I think I used to never believe the kind of thing that you're just talking about, but I think I do now kind of accept that really this is often based on complete denial, where these people who do these most horrible things that I think of as just being all a bunch of Dick Cheneys in the most malevolent sense, really, no, they're all a bunch of dupes.
They all might as well be hosting some talk show on CNN for all their work.
That's all they understand about things, and so they do these things.
They think they're doing the right thing, building hydrogen bombs all day or whatever.
They can rationalize these things, no problem.
Yeah, and as I think Andrew Bacevich quite correctly points out, I mean it's the talk show hosts on CNN who are really part of that elite, and they're kind of interchangeable pawns in the whole system.
I mean they're pawns in the sense that they're used by the most powerful people to sort of forward the whole enterprise, and they get their own little cut of the prestige and power and the perks of power that go with being a face on TV and going along with the power elite, and so they're useful idiots in that sense.
But the idea is that this is a vast political elite which is made up of industrial, media, military, and political figures, all of whom are sharing in this ill-gotten power and wealth that has been generated for the purpose of, quote, national security, unquote.
Right.
Well, you know, the economics of this are so poisonous, too.
You think about the cliché $900 toilet seat for the Navy or whatever.
Well, if you make toilets but you're not in the business of selling them at $900 a piece to the Navy, then you lose in the market.

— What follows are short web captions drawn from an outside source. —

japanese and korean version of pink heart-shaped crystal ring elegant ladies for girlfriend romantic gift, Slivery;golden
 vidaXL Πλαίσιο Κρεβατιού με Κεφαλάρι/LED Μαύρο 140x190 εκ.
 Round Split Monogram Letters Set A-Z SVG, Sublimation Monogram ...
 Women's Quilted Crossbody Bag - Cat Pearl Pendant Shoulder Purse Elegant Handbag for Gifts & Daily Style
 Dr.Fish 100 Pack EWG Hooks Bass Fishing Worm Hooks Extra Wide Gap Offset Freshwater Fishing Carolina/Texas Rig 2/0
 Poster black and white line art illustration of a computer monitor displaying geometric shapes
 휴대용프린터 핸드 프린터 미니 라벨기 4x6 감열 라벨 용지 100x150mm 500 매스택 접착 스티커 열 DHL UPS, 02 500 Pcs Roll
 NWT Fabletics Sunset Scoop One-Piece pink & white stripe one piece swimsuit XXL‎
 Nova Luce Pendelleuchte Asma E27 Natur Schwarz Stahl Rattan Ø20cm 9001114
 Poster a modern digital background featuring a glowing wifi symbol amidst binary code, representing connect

Your toilet competition will reign supreme in the toilet market.
You must be corrupt.
It's sort of like if you know that this is all a big bubble and that all these low interest rates and endless housing expansion is never going to last, and you know better, you still have to expand your concrete company because all your competition is, and their volume is driving down their price, and the only way you can compete is if you take that low interest loan to expand your capital base to, and all your goods, you're forced to participate in the bubble economy just to make it as long as till the bubble pops.
It's all forced intervention in the way things are supposed to be by the central state.
You're extending this, of course, well beyond the military bubble here.
Yeah, but it's the state in general, and of course the banks and the military state have always been one.
I mean, you look at the origin of the Council on Foreign Relations after World War I.
It was just the Rockefellers basically and the Morgans saying, okay, we're going to make sure that anybody who's an expert or has anything really to say about foreign policy is an internationalist interventionist like us, and they've dominated.
These are the representatives of the Chase Bank and Standard Oil, and their interests become the ideology of American empire going way back.
I mean, there, of course, I will have to enter in something of a dissent because I still believe that at the center of this development of what I now call the permanent war state, which is a more sinister version of the military-industrial complex, the interests of militarism still are central.
The interests of the business community in the militarist enterprise are marginal.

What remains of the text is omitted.